The World Anti-Doping Agency said Saturday, April 20, that the swimmers tested positive for the heart medication trimetazidine in the months leading up to the start of the Tokyo Olympics in 2021 but that Chinese authorities told the agency the positives were the result of contamination.

“Ultimately, we concluded that there was no concrete basis to challenge the asserted contamination,” WADA’s senior director of science and medicine Olivier Rabin said in a news release.

The 30-member Chinese swim team won six medals in Tokyo, including three golds. Many of the athletes still compete for China and are expected to swim at the Paris Olympics this summer.

Reports about the doping positives came out Saturday in the Daily Telegraph in Sydney and The New York Times.

WADA responded to what it called “some misleading and potentially defamatory media coverage this week” and explained the process it undertook upon learning about the positive tests.

The global drug-fighting organization said it also had been given a tip by the U.S. Anti-Doping Agency as early as 2020—before this case arose—about allegations of doping cover-ups in China but that USADA never followed up with evidence.

USADA CEO Travis Tygart called the news of the Chinese positive tests “crushing.”

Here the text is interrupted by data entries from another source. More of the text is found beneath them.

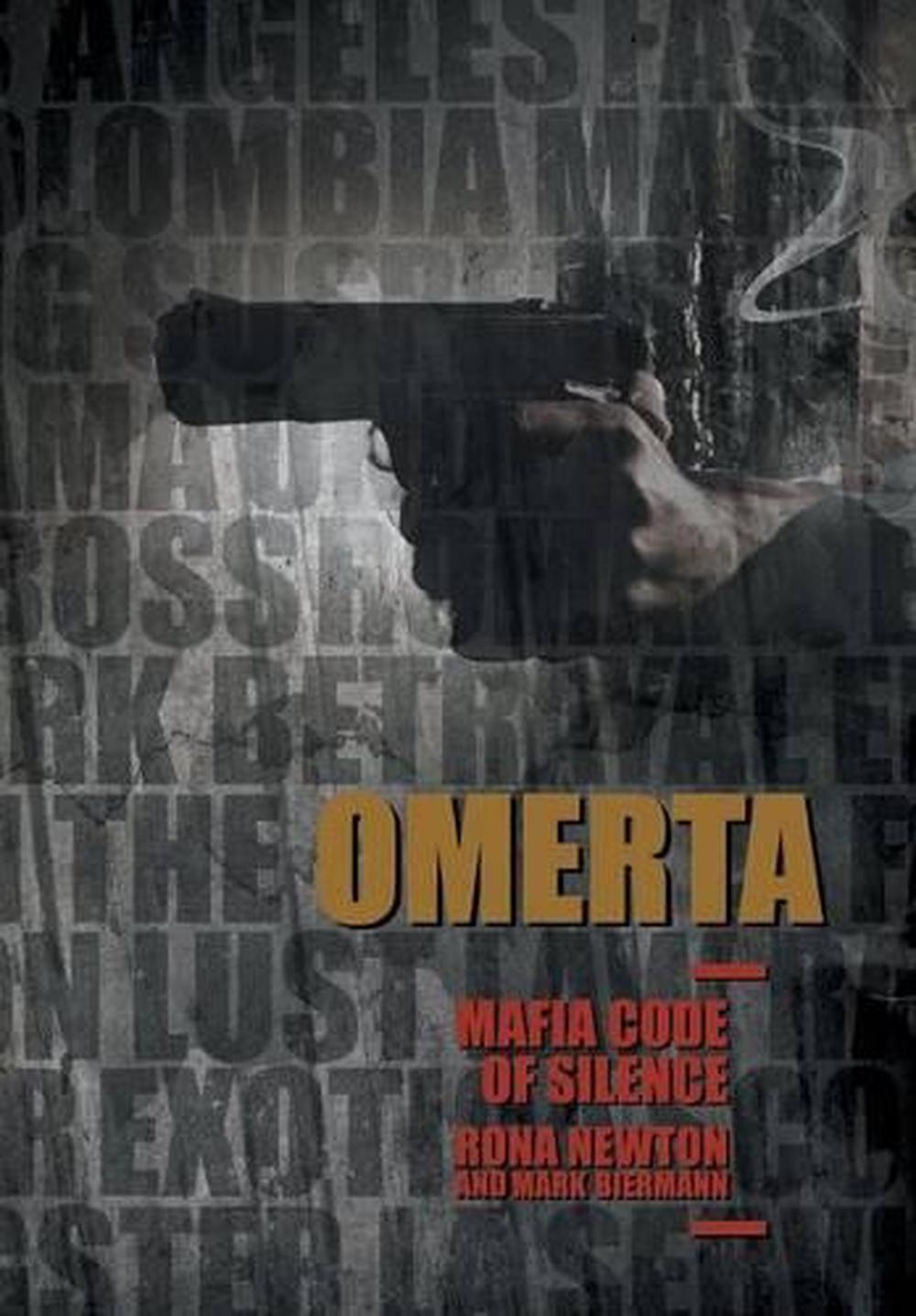 Omerta Mafia Code Of Silence Part One And Part Two By Rona Newton
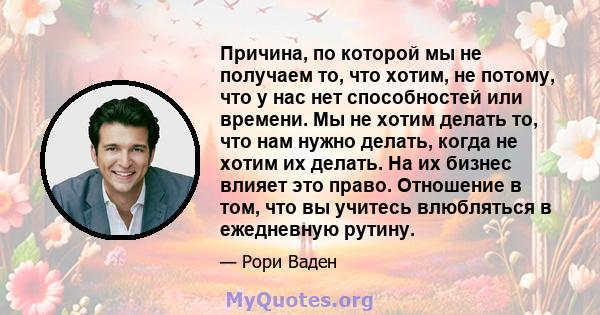 Причина, по которой мы не получаем то, что хотим, не потому, что у нас нет способностей или времени. Мы не хотим делать то, что нам нужно делать, когда не хотим их делать. На их бизнес влияет это право. Отношение в том, 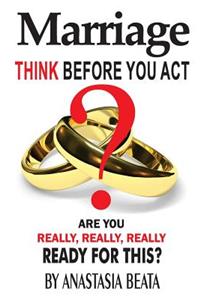 Marriage - Think Before You Act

“It’s even more devastating to learn the World Anti-Doping Agency and the Chinese Anti-Doping Agency secretly, until now, swept these positives under the carpet by failing to fairly and evenly follow the global rules that apply to everyone else in the world,” Tygart said.

World Aquatics, which oversees global swimming, told the Daily Telegraph it was confident “that these [adverse analytical findings] were handled diligently and professionally, and in accordance with all applicable anti-doping regulations, including the World Anti-Doping Code.”

The drug at the center of this case was also the medication that led to the suspension of Russian figure skater Kamila Valieva at the Winter Olympics in Beijing in 2022.

In that case, WADA moved quickly to sanction Valieva upon learning about her positive test.

The case underscores what many view as a flaw in the global anti-doping system—that a country’s own anti-doping organization is often the first line of defense in catching drug cheats and those organizations have different levels of motivation to fulfill that role.